Christian Existentialism: Christian existentialists, like Søren Kierkegaard, believe in the paradoxical union of the divine and the human in Jesus Christ. They argue that the universe is fundamentally paradoxical, and its greatest paradox is the transcendent union of God and humans in the person of Jesus Christ.
Reconciliation of the Paradox: Traditional Christianity posits that a person’s essence is predestined by God and precedes their existence3. This seems to contradict the existentialist idea that existence precedes essence. However, Christian existentialists might argue that while our physical existence precedes our essence, our spiritual essence (as beings created in the image of God) precedes our physical existence. This allows for the co-existence of faith in God and the belief that existence precedes essence.
Depending on how you perceive and interpret existentialism you might see this defining of Christian Existentialism as nothing more than an assumption. Kierkegaard assumed Christianity true and reversed existentialism's primary premise to fit his faith. This fallaciousness is common amongst Christians but more importantly, it eliminates many valuable considerations based on a highly implausible assumption of Christianity's truth.
If you believe Christianity, then what is the point existentially considering life since you already have the truth?
Non-Christian existentialists find more practical thoughts in the choice of existence. They emphasize personal freedom, individual responsibility, and deliberate choice as crucial elements in navigating an absurd and illogical world. Writing from an existential perspective offers a unique opportunity to delve into the depths of human existence. By exploring themes such as absurdity, angst, authenticity, and the idea that existence precedes essence, existentialist writers challenge readers to contemplate the complexities and uncertainties of life.
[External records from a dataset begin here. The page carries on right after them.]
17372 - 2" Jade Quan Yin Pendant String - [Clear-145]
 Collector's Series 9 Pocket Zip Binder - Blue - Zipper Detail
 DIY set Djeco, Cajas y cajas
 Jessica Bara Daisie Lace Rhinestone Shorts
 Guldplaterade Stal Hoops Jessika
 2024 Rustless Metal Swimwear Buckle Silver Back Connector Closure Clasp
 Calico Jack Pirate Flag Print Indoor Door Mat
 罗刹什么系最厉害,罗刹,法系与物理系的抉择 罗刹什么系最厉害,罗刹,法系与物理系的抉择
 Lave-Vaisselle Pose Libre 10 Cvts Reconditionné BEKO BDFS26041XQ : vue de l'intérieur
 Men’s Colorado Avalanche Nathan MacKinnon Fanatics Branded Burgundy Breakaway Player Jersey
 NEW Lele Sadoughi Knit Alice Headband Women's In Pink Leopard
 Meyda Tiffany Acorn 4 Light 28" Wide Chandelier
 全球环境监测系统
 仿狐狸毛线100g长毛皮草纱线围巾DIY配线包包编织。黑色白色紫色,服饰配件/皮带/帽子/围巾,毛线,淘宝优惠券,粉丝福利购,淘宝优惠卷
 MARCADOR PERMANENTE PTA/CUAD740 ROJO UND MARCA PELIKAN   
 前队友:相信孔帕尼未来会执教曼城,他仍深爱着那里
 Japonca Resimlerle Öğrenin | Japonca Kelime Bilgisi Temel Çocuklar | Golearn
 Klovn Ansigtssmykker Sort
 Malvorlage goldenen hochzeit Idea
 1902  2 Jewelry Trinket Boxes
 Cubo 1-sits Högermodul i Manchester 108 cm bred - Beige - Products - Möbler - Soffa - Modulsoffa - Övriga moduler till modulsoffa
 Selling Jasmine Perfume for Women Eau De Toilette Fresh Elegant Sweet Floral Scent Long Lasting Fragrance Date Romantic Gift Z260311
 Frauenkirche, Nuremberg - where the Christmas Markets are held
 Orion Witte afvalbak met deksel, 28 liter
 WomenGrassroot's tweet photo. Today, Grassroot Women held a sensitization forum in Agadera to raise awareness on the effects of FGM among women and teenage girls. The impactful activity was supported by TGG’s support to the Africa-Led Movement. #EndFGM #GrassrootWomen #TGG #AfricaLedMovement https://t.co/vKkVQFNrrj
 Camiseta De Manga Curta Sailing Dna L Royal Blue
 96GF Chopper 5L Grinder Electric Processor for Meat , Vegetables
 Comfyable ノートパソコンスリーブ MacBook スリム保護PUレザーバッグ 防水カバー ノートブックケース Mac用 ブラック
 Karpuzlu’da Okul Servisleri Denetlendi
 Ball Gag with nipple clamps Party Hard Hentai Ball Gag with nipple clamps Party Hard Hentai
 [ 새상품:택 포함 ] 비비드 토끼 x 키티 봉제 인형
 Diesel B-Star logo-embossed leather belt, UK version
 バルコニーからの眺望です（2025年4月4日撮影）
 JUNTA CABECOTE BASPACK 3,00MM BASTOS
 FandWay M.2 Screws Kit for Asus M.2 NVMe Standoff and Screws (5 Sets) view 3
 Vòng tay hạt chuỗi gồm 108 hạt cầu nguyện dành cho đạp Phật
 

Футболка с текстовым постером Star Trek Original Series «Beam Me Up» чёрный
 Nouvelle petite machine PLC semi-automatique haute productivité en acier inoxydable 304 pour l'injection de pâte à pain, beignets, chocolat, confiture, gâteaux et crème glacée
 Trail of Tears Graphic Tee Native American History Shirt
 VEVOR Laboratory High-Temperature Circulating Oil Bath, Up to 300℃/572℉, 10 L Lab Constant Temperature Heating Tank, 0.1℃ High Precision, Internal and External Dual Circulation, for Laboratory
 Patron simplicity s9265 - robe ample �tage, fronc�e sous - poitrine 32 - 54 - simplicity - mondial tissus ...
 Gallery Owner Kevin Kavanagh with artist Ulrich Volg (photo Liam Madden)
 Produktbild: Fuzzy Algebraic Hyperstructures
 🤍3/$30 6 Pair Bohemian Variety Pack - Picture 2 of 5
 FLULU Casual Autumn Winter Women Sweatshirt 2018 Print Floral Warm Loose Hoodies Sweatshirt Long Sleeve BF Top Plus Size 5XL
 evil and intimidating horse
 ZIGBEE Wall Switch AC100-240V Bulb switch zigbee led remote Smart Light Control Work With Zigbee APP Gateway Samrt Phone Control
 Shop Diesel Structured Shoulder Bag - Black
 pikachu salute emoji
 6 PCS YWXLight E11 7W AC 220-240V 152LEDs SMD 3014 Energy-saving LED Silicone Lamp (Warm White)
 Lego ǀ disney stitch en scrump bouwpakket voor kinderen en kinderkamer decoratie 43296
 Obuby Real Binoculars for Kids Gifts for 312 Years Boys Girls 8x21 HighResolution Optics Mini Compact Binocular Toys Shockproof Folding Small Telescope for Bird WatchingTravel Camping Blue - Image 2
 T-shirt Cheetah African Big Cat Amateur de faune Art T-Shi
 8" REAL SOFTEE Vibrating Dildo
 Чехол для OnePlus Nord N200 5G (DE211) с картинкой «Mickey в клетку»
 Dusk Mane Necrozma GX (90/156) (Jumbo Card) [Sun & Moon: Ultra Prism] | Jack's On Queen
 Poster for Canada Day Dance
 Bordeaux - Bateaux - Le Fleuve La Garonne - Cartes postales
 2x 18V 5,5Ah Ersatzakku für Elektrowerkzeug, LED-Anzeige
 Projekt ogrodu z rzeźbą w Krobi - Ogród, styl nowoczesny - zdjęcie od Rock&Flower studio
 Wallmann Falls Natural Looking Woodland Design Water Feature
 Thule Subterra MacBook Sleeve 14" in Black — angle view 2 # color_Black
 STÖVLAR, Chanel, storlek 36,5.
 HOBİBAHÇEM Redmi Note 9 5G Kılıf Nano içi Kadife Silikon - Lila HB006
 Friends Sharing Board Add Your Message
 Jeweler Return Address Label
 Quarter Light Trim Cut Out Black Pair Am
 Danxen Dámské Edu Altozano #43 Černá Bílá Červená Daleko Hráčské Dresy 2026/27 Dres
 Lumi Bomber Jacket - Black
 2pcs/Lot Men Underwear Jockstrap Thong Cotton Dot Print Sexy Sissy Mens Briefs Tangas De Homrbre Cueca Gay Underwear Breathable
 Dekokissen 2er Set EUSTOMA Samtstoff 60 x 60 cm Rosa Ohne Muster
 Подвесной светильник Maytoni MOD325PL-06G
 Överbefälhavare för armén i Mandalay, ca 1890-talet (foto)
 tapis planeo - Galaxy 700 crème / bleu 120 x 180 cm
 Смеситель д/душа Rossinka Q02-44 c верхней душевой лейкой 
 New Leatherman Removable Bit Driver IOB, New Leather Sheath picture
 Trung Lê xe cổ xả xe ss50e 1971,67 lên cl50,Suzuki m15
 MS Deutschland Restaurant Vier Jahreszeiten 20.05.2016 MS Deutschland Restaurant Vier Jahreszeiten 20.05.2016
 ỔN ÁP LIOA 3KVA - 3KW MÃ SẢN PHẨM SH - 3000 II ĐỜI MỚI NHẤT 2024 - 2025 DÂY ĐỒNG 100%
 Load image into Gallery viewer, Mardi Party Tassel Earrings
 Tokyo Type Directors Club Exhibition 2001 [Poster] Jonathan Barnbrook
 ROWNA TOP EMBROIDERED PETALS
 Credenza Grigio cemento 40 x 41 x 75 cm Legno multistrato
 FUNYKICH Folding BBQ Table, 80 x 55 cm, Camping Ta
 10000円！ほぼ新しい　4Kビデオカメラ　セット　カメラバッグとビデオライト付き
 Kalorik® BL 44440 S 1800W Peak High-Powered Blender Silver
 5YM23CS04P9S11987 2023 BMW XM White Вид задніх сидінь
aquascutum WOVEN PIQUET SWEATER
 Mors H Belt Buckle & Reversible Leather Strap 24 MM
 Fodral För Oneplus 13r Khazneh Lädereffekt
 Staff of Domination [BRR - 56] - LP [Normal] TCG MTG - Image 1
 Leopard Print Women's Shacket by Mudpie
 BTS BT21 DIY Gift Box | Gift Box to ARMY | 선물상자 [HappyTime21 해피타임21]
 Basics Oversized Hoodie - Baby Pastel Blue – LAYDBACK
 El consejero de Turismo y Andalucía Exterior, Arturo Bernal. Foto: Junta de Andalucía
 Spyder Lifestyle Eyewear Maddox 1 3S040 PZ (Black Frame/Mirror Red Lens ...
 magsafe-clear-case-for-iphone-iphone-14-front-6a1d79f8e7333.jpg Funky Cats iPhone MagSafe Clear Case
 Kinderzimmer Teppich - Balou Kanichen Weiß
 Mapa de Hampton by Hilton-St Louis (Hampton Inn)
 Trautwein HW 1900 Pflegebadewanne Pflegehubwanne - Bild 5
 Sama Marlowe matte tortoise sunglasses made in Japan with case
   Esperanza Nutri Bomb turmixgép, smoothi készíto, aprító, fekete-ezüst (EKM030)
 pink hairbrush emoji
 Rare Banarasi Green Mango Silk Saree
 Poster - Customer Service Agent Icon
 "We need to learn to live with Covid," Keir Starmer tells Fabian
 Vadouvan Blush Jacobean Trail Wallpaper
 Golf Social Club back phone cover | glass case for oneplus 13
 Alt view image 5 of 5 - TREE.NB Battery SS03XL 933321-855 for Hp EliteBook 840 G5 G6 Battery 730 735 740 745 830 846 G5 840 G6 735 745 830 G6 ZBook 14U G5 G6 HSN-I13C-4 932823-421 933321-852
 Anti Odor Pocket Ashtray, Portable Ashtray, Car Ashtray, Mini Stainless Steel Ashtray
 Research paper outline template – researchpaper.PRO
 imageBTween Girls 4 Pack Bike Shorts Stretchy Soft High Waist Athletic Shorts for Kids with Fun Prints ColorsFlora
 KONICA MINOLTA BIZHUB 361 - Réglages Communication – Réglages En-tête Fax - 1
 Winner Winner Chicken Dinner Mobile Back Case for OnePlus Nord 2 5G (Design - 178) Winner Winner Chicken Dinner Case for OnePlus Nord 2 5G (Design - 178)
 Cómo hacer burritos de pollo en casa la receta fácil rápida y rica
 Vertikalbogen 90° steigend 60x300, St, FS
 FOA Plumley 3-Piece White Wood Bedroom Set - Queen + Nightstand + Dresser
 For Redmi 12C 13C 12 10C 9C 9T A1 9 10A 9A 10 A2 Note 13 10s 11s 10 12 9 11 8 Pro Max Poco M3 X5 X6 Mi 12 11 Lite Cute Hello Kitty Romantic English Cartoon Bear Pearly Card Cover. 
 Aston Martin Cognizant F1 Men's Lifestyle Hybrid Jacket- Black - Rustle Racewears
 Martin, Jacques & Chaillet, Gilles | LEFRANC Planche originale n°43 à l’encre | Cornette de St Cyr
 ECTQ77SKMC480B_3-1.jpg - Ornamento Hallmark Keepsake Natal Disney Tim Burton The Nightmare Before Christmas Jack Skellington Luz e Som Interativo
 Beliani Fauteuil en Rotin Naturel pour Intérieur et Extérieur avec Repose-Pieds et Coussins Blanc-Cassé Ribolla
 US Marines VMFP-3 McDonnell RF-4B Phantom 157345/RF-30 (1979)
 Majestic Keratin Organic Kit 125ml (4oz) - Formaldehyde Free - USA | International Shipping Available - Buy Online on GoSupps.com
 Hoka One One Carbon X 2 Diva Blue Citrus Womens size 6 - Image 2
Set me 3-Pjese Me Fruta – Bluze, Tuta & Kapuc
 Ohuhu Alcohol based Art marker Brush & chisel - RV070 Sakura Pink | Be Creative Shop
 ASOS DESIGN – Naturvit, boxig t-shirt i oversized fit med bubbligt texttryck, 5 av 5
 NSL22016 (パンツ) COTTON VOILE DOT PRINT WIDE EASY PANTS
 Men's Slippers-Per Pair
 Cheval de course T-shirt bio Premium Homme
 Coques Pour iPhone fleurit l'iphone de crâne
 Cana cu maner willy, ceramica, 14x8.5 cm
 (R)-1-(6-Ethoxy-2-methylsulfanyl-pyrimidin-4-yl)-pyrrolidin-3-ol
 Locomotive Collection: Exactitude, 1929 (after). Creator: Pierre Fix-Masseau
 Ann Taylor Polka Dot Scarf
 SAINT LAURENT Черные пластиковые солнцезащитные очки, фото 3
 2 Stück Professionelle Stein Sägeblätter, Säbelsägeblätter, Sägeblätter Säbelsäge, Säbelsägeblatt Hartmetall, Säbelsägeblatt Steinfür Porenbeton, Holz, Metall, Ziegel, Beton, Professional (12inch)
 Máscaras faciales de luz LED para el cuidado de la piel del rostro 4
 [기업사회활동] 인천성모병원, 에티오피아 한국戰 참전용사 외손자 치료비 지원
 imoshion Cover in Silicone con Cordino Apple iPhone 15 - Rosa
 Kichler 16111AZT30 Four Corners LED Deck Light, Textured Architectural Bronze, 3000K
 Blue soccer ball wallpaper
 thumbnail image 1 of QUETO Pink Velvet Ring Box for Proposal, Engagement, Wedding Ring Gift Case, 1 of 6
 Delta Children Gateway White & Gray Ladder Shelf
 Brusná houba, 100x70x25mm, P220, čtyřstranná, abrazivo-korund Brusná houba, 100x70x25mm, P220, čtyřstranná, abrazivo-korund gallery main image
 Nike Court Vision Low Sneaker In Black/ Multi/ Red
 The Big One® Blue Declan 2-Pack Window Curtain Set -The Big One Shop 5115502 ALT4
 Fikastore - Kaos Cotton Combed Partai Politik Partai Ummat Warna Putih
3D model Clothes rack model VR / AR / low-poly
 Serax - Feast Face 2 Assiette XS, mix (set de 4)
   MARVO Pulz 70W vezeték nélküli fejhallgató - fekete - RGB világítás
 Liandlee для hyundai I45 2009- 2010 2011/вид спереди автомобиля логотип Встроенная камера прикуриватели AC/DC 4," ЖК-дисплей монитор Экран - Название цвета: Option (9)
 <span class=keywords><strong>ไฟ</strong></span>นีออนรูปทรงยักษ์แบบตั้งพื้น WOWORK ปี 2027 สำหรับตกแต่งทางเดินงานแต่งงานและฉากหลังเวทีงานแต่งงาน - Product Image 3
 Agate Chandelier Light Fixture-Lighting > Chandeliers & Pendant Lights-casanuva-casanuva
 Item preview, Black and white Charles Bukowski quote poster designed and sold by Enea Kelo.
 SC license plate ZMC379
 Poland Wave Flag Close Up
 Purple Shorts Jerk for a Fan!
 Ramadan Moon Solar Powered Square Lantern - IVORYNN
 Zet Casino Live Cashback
Through their thought-provoking works, these writers invite us to reflect on our own values, choices, and the meaning found in our existence.
Prominent Existential Writers
- Søren Kierkegaard: A Danish theologian and philosopher.
- Friedrich Nietzsche: A German philosopher known for his anti-establishment views.
- Franz Kafka: A Czech writer famous for his short stories and novels.
- Fyodor Dostoyevsky: A Russian novelist and foundational figure of existentialism.
- Albert Camus: A French philosopher and author who founded Les Temps modernes with Simone de Beauvoir and Jean-Paul Sartre.
- Jean-Paul Sartre: A French philosopher, playwright, and novelist who made significant contributions to existentialism.
- Simone de Beauvoir: A French philosopher, anthropologist, and feminist who played a crucial role in the development of existentialist thought.
Please note that this is not an exhaustive list, but it includes some of the most influential figures associated with existentialism.